In conjunction with my Disqus password change an hour or so ago "just in case" I found it interesting to page back and see how consistent I have been on a variety of topics. In doing so, I found only a very small number I would have changed other than correction of typographical mistakes.
-
Monday 9th October 2017 09:01 GMT Anonymous Coward
It is not clear why Disqus' ability to collate postings is problem. Posts made on a publicly accessible web site would appear to be intended for public viewing (even if posted anonymously).
It's not the posting on ONE site, it's the posting ACROSS sites that makes Disqus problematic as it allows them to establish allusions to "trends" based on metrics and algorithms you have no hope on ever seeing, but those possibly unwarranted conclusions can then be sold to 3rd parties without your knowledge or control. As soon as you're personally identified (typically via your email address), you thus end up associated with a magic score that you have no control over.

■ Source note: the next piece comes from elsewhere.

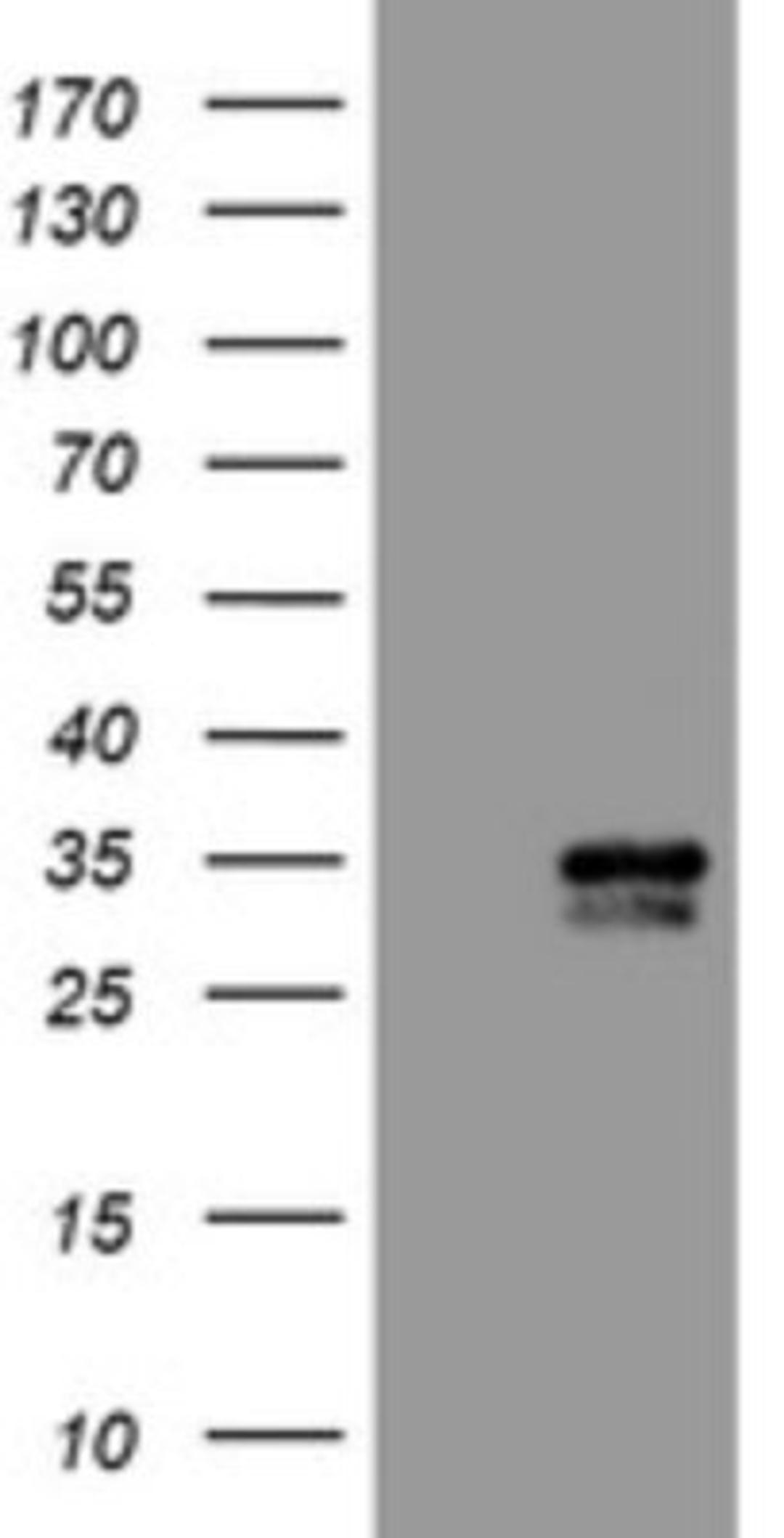 Western Blot: CXorf26 Antibody (5A11) [NBP2-46410] - Analysis of HEK293T cells were transfected with the pCMV6-ENTRY control (Left lane) or pCMV6-ENTRY CXorf26.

This is generally the problem with data aggregators. You don't know what they get up to with your data, and those who buy that data appears not to be too bothered with that either.
-
Monday 9th October 2017 12:32 GMT inmypjs
"it's the posting ACROSS sites"
And not even posting. If you keep cookies your visit and which articles you read on all sites using disqus can (and no doubt will) be tracked.
Personally I don't keep cookies and if I used disqus more I would set up multiple accounts. I will also likely soon ditch and replace my current account. I am happy for people to judge what I say not the handle used to say it.
-
-
-
Monday 9th October 2017 10:52 GMT Samizdata
Notifications? Really?
Lies, foul lies. They certainly haven't notified me. The only thing I have heard on the whole thing was from the sainted Mr. Hunt. Sadly, at this point, I am almost regretting signing up for Mr. Hunt's notification service. No worries though. I use unique passwords across the board.